We probably can assume that the extra copies of EPSP synthase genes increase
the metabolic throughput (by boosting some of the protein synthesis pathways)
of the plants, and when grown in abundant light (20 cm apart, no shadowing and
competition from neighbouring plants), water and nitrogen (grown in garden
conditions, fertilized), it is plausible that these individual grow faster and
larger. This is all that Wang et al. did and all that their article claims.

The higher throughput capacity only comes into use if supplies of energy or
raw materials are not bottlenecks.

But the Nature News conclusions "effects of such modification have the
potential to extend beyond farms and into the wild" and "genetic diversity [of
wild rice], which is really important to conserve, could be threatened because
the genotype with the transgene would outcompete the normal species" are very
much unsupported by the results of Wang et al.

In the wild, seeds may need to germinate in more challenging conditions that
wet paper on a petri dish, there may not be abundant light, nitrogen or water.
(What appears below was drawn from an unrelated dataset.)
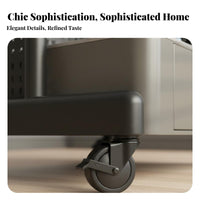 Mobile TV Stand Cart Cabinet Drawer Rolling Television Shelf Adjustable Height Storage Hand Crank Locking Brakes Suitable for Renters Small Areas Conference Room Exposition Show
So the EPSP synthase -boosted plants grow better in the garden. But maybe
there is a good reason why the EPSP synthase levels are lower in the plants
from the wild. Maybe something else is more valuable to them, something that
helps in e.g. low-light photosynthesis, nutrient or water uptake in scarce
conditions, or defence against insects. Maybe the wild EPSP levels are just
optimal for growing in wild conditions and the plants with boosted EPSP
synthase levels would have lower fitness in wild conditions. (I assume that
the higher levels of the synthase don't come for free, but have a related
metabolic cost that cannot then be used elsewhere).

As Wang et al. only measured fitness in garden, not in the wild, the Nature
News conclusions are unwarranted.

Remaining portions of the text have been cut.